Flanagan quit his private law practice last week, but is not voluntarily disclosing his clients. He says he will comply with the new laws approved in the budget but they will not take effect for several months. Flanagan says he has not represented any clients that have business before the state, and is unaware of which of his firm’s clients have interests before state government.  

“I’m telling you I don’t know,” Flanagan said.

When he was told by a reporter that the firm does indeed have several clients with business before the state, Flanagan talked of past attempts by the legislature at fuller disclosure, that have yet to be completed.

“We passed a law a couple of years ago that required a database to be put out to the public which has never been accomplished,” he said. “I still think that should be done.”

Democrats in the Senate have been pushing a bill to close a loophole in existing campaign finance laws. It permits individuals and corporations to create Limited Liability Companies, or LLC’s, to donate money and skirt existing donor limits. The bill was voted out of the elections committee and is currently before the Committee on Corporations, Authorities and Commissions, which does not meet regularly.

LLC’s have figured into the corruption charges against both Skelos, and former Assembly Speaker Sheldon Silver. Both accepted LLC donations from Glenwood management, a real estate company. Glenwood has not been accused of any wrong doing, but its senior executive has become a cooperating witness in the Skelos case.

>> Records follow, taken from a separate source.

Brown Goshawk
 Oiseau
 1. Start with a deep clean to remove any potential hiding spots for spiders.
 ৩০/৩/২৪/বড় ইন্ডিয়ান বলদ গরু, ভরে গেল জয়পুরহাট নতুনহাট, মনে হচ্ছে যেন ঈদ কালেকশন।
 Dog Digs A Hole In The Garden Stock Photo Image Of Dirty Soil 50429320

Flanagan, like many senators, other lawmakers, and Gov. Andrew Cuomo, has also received campaign donations form Glenwood management.     

Flanagan did not offer his opinion on the LLC bill, but says republicans will be talking it over in their private party conference meetings.

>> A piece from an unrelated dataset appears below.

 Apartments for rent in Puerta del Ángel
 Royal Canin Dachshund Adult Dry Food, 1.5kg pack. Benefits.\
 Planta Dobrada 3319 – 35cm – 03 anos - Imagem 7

“It would be precipitous of me to suggest what the conference will do,” said Flanagan. “I guarantee that will be a discussion that the conference will have.”

Blair Horner, with the New York Public Interest Research Group, a long time advocate of reform, says changes are not likely to happen until the remaining federal investigations are concluded. U.S. Attorney Preet Bharara, after the arrest of former Speaker Sheldon Silver and after former Skelos’ surrender to authorities, has said to “stay tuned."

Horner says, unlikely as it sounds, it seems that Albany has not yet reached its “tipping point," despite five Senate leaders, two Assembly speakers and the previous two governors having trouble with the law.

“I don’t know what it takes, frankly,” Horner said.

Horner says it’s now up to Cuomo to propose any additional reforms. He says in the past, it’s been the executive, not the legislature who drives change.